# [DATA SUPPLIED]
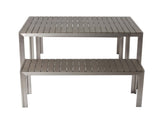 Benzara Anodized Aluminum Table And Bench Set In Gray (Set of 3) BM172059 GRAY Anodized Aluminum And Plastic lumber BM172059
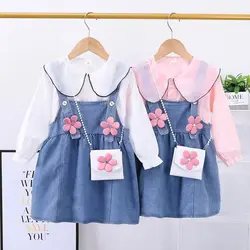 لباس کودک ست سه تکه درجه یک وارداتی کیفیت اورجینال شامل سارافون لی و شومیز صورتی و کیف مناسب دو تا شش سال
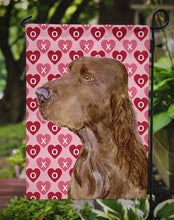 Load image into Gallery viewer, Field Spaniel Hearts Love and Valentine's Day Portrait Garden Flag – Decorative Outdoor Yard Flag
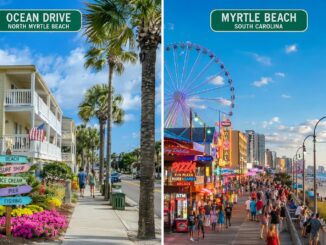 Split view comparing Ocean Drive in North Myrtle Beach and the Myrtle Beach Boardwalk — student travel comparison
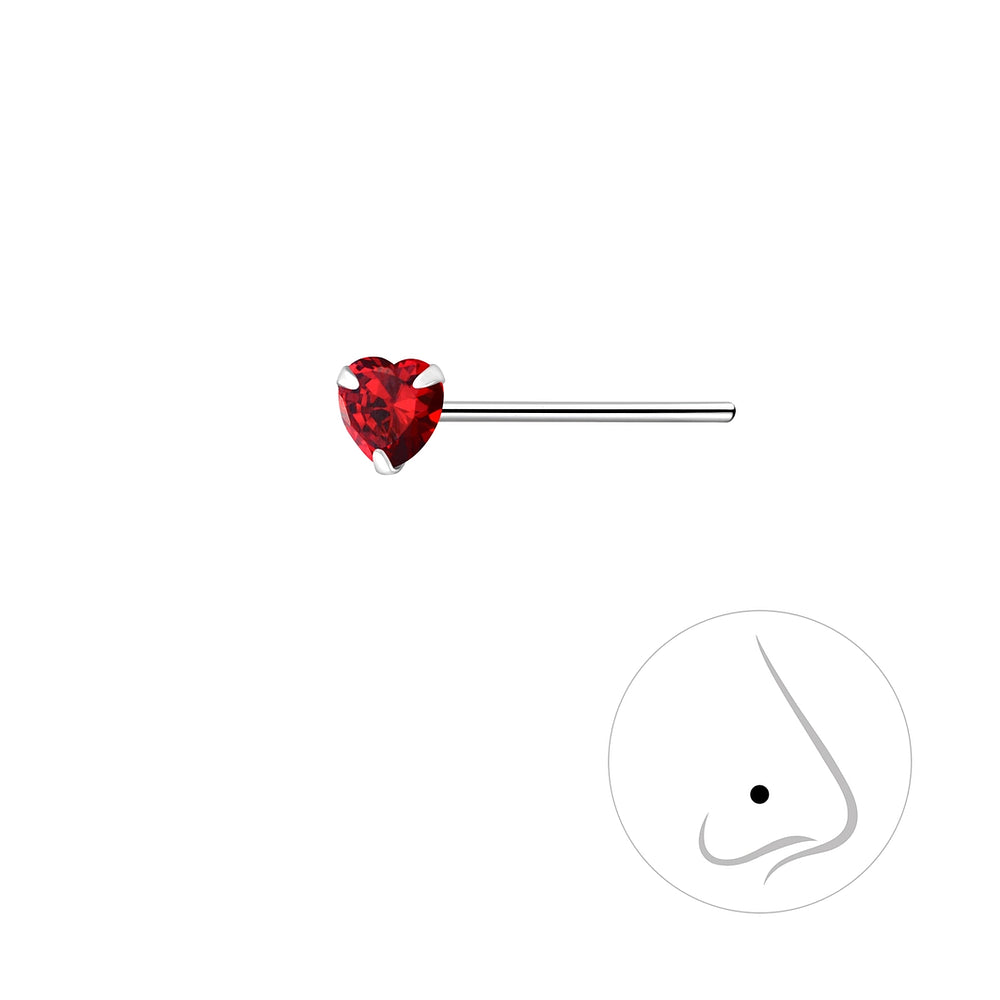 Heart Sparkling Zirconia Silver Nose Stud — Garnet - High Quality 925 Sterling Silver Jewelry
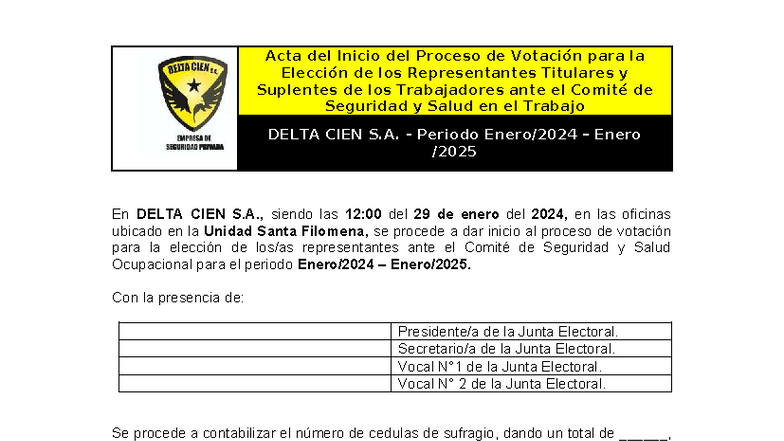 Acta de Inicio del Proceso de Votación para Elección CSST DELTA CIEN S ...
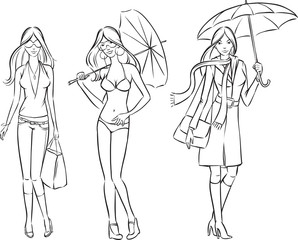 whiteboard drawing - Fashion girls in various clothes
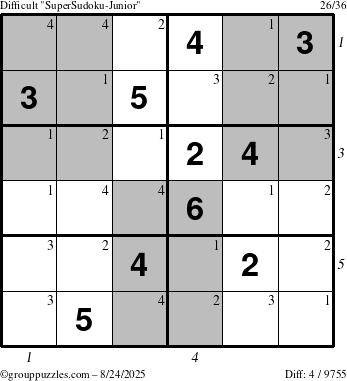 The grouppuzzles.com Difficult SuperSudoku-Junior puzzle for Sunday August 24, 2025 with all 4 steps marked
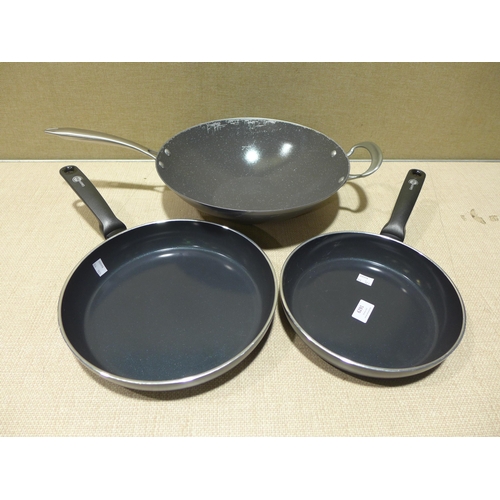 6291 - Two Greenpan frying pans and a Nordic Ware wok  (354-523,543) *This lot is subject to VAT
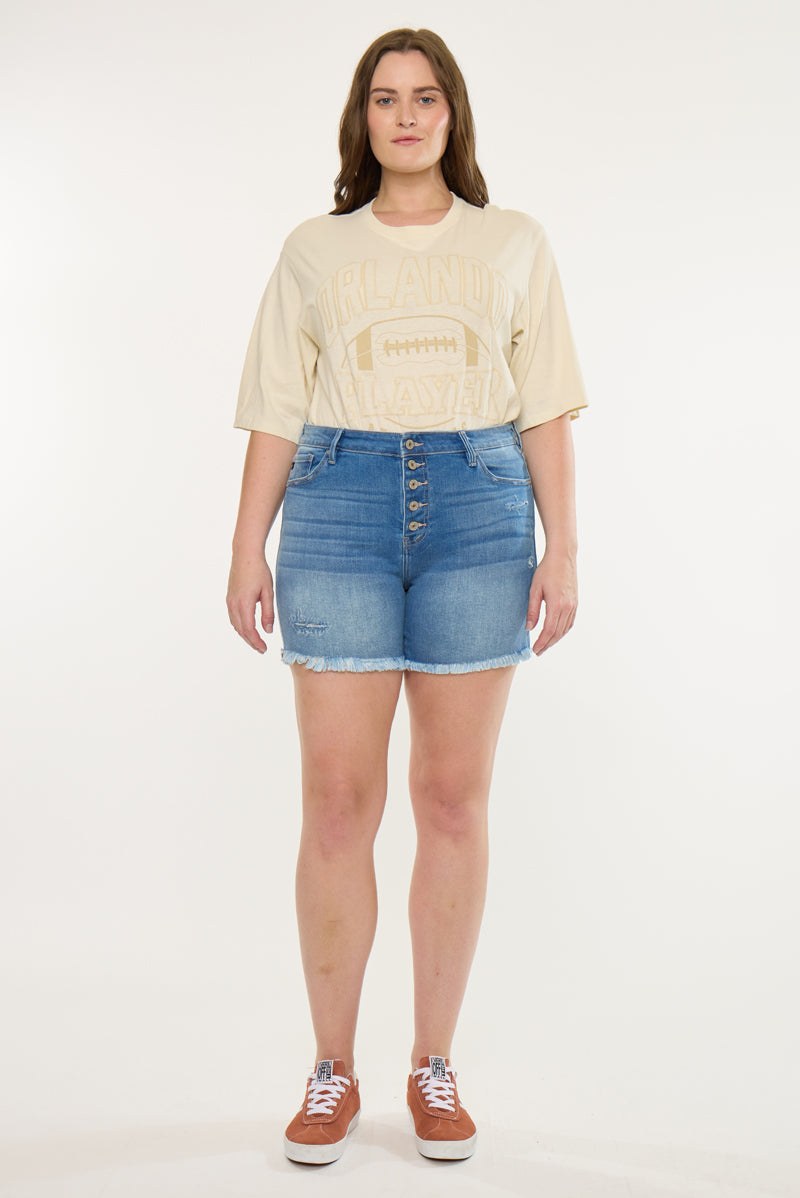 Zelda Mid Rise Shorts  (Plus Size)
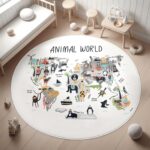 Animal World Map Round Kid's Rug- Washable & Non-Slip Nursery Carpet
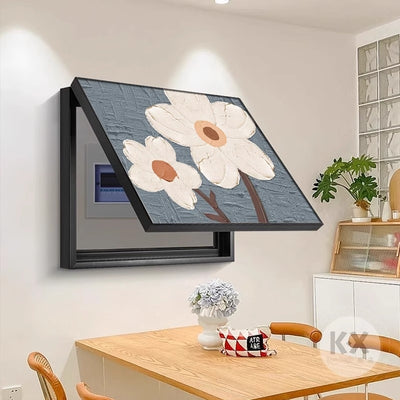 Cream style decorative painting living room distribution box switch box covered hanging painting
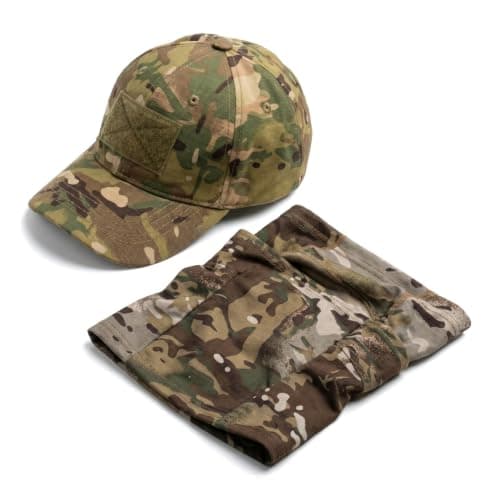 Merzio Desert Camo Baseball Cap and Neck Gaiter Set, Tactical Camouflage Sun Hat with Cooling Face Cover Mask for Men Women, Breathable UV Protection for Fishing Hunting Cycling Outdoor Sports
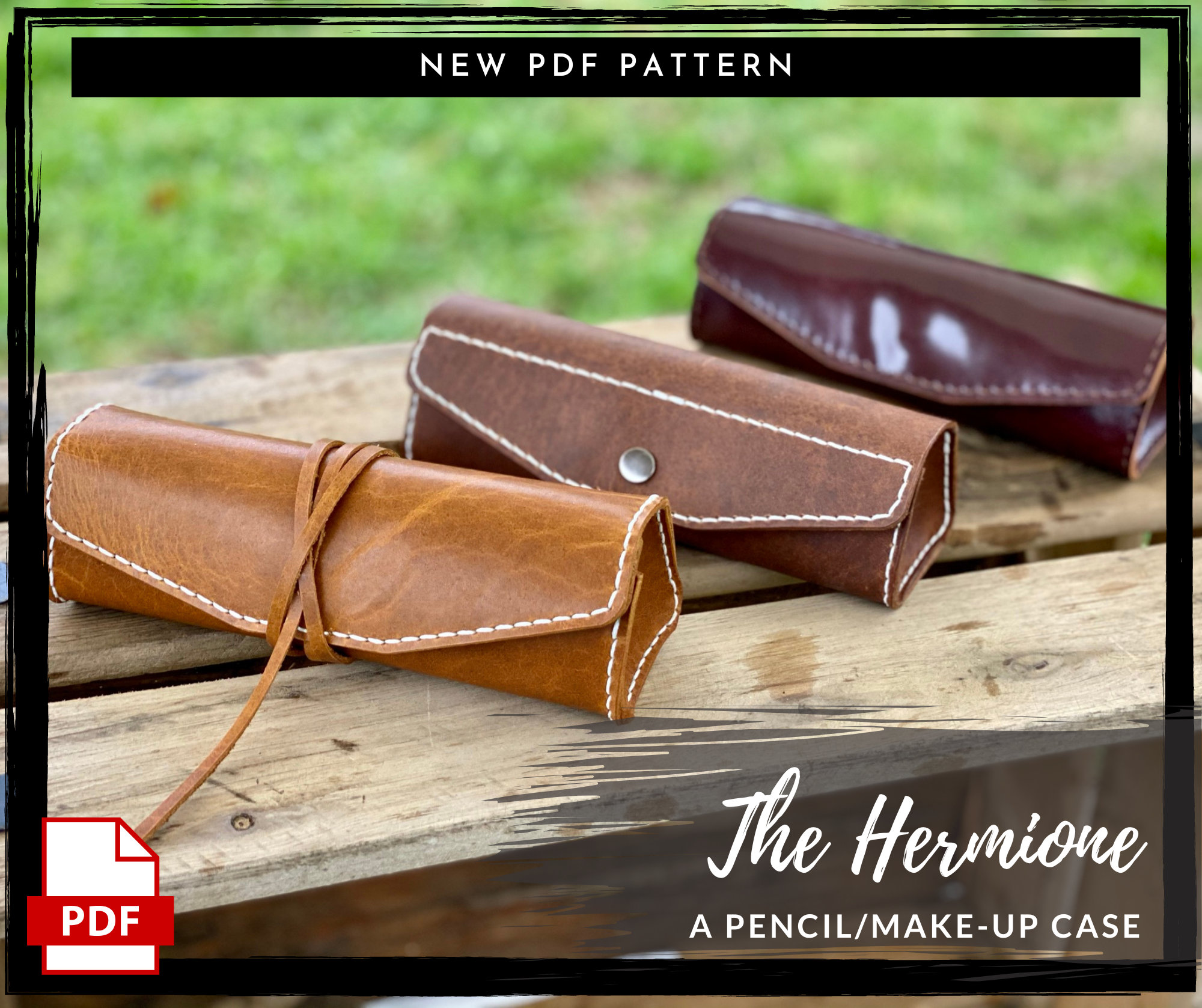 Pencil Case Leather Pattern, PDF Template 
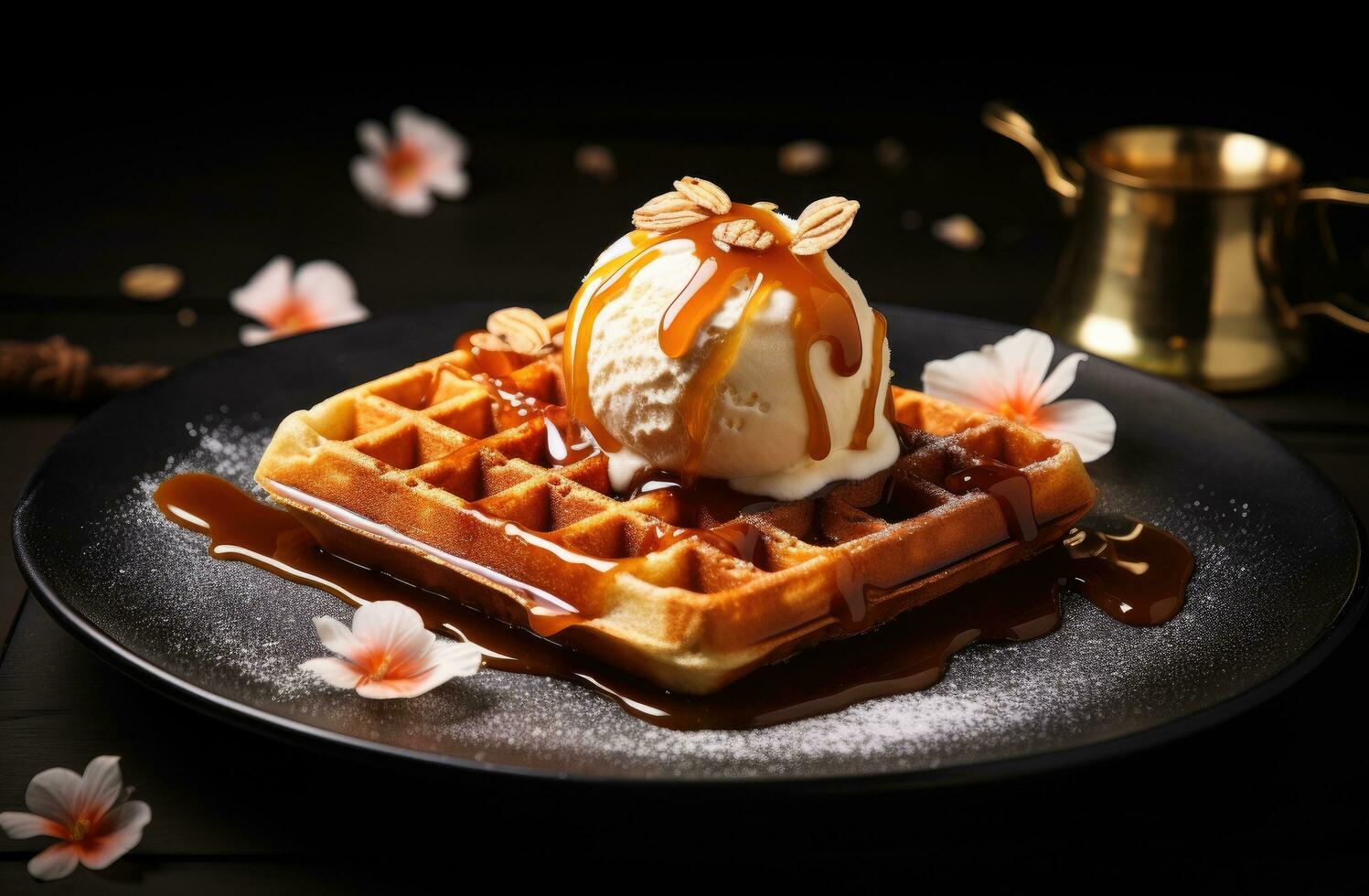 AI generated a dish of tshaped waffles with caramel and vanilla ice cream photo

# [TASK OBJECTIVE]
Print exactly, with no pictures, the lines above from the one that holds "6291 - Two Greenpan" through the one that holds "Cream style decorative", both of them included.

# [WRITTEN RESPONSE]
 6291 - Two Greenpan frying pans and a Nordic Ware wok  (354-523,543) *This lot is subject to VAT
 Zelda Mid Rise Shorts  (Plus Size)
 Animal World Map Round Kid's Rug- Washable & Non-Slip Nursery Carpet
 Cream style decorative painting living room distribution box switch box covered hanging painting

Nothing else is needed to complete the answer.